Segment Start: Data segment

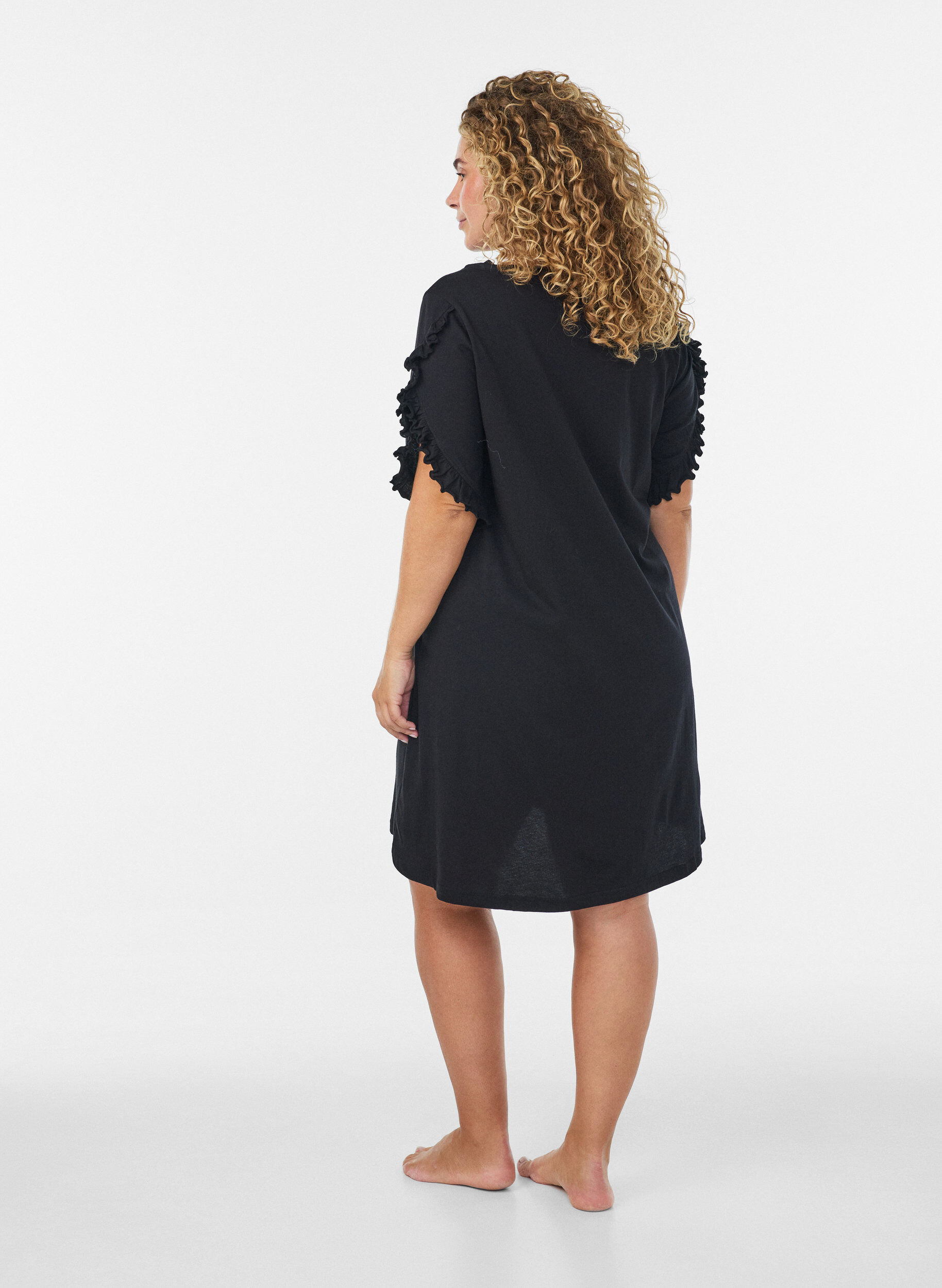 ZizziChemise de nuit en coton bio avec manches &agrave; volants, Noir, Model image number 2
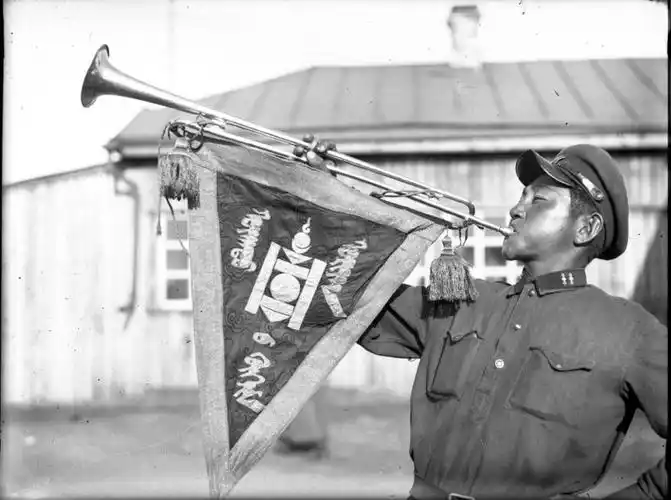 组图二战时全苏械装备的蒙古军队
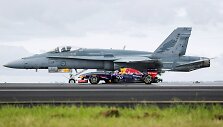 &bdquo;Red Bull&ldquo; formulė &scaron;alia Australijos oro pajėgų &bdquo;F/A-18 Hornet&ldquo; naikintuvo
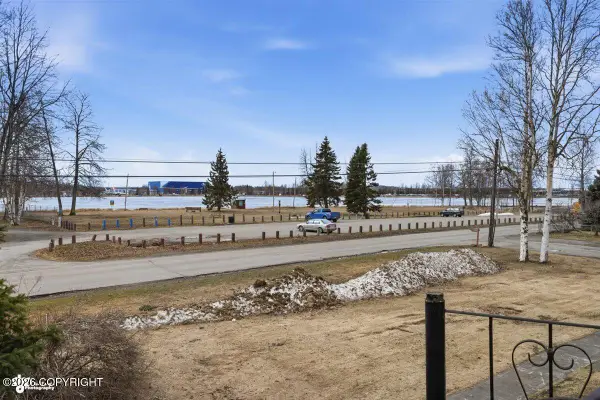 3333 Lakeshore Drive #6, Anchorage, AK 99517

Segment End: Data segment

### Work task
Repeat the lines above exactly, and keep every picture out.

### Result of this exercise
 ZizziChemise de nuit en coton bio avec manches &agrave; volants, Noir, Model image number 2
 组图二战时全苏械装备的蒙古军队
 &bdquo;Red Bull&ldquo; formulė &scaron;alia Australijos oro pajėgų &bdquo;F/A-18 Hornet&ldquo; naikintuvo
 3333 Lakeshore Drive #6, Anchorage, AK 99517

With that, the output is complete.